778. Swim in Rising Water

778. Swim in Rising Water (Hard)

On an N x N grid, each square grid[i][j] represents the elevation at that point (i,j).

Now rain starts to fall. At time t, the depth of the water everywhere is t. You can swim from a square to another 4-directionally adjacent square if and only if the elevation of both squares individually are at most t. You can swim infinite distance in zero time. Of course, you must stay within the boundaries of the grid during your swim.

You start at the top left square (0, 0). What is the least time until you can reach the bottom right square (N-1, N-1)?

Example 1:

Input: [[0,2],[1,3]]
Output: 3
Explanation:
At time 0, you are in grid location (0, 0).
You cannot go anywhere else because 4-directionally adjacent neighbors have a higher elevation than t = 0.

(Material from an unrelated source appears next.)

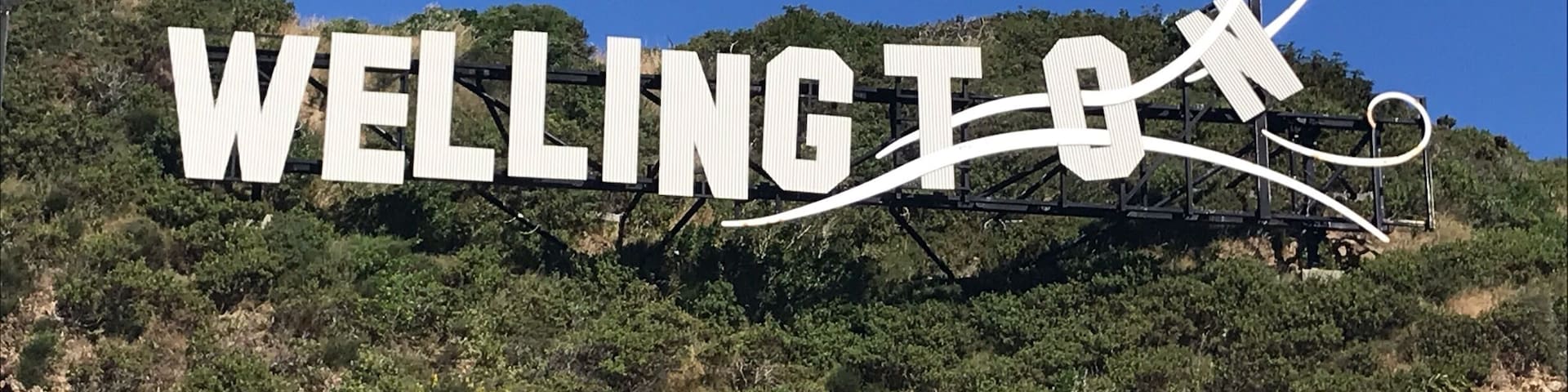 The Wellington sign describes this city as very windy at times. Lucky for us the weather was spectacular everyday. #wellington #wellingtonsign #newzealand #windy #miramar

You cannot reach point (1, 1) until time 3.
When the depth of water is 3, we can swim anywhere inside the grid.

Example 2:

Input: [[0,1,2,3,4],[24,23,22,21,5],[12,13,14,15,16],[11,17,18,19,20],[10,9,8,7,6]]
Output: 16
Explanation:
 0  1  2  3  4
24 23 22 21  5
12 13 14 15 16
11 17 18 19 20
10  9  8  7  6

The final route is marked in bold.
We need to wait until time 16 so that (0, 0) and (4, 4) are connected.

Note:

1. 2 <= N <= 50.
2. grid[i][j] is a permutation of [0, ..., N*N - 1].

Companies:
Facebook

Related Topics:
Binary Search, Heap, Depth-first Search, Union Find

Solution 1. Binary Answer

// OJ: https://leetcode.com/problems/swim-in-rising-water/
// Author: github.com/lzl124631x
// Time: O(N^2 * logN)
// Space: O(N^2)
class Solution {
    int N, dirs[4][2] = {{0,1},{0,-1},{1,0},{-1,0}};
    vector<vector<bool>> seen;
    bool dfs(vector<vector<int>> &G, int x, int y, int height) {
        if (G[x][y] > height) return false;
        if (x == N - 1 && y == N - 1) return true;
        seen[x][y] = true;
        for (auto &[dx, dy] : dirs) {
            int a = x + dx, b = y + dy;
            if (a < 0 || a >= N || b < 0 || b >= N || seen[a][b]) continue;
            if (dfs(G, a, b, height)) return true;
        }
        return false;
    }
    bool valid(vector<vector<int>>& G, int height) {
        seen.assign(N, vector<bool>(N, false));
        return dfs(G, 0, 0, height);
    }
public:
    int swimInWater(vector<vector<int>>& G) {
        N = G.size();
        int L = 0, R = N * N - 1;
        while (L <= R) {
            int M = (L + R) / 2;
            if (valid(G, M)) R = M - 1;
            else L = M + 1;
        }
        return L;
    }
};

Solution 2. Heap

// OJ: https://leetcode.com/problems/swim-in-rising-water/
// Author: github.com/lzl124631x
// Time: O(N^2 * logN)
// Space: O(N^2)
class Solution {
    typedef tuple<int, int, int> Point; // height, x, y
public:
    int swimInWater(vector<vector<int>>& G) {
        priority_queue<Point, vector<Point>, greater<>> pq;
        pq.emplace(G[0][0], 0, 0);
        int ans = 0, N = G.size(), dirs[4][2] = {{0,1},{0,-1},{1,0},{-1,0}};
        while (true) {
            auto [height, x, y] = pq.top();
            pq.pop();
            ans = max(ans, height);
            if (x == N - 1 && y == N- 1) return ans;
            for (auto &[dx, dy] : dirs) {
                int a = x + dx, b = y + dy;
                if (a < 0 || a >= N || b < 0 || b >= N || G[a][b] == -1) continue;
                pq.emplace(G[a][b], a, b);
                G[a][b] = -1;
            }
        }
    }
};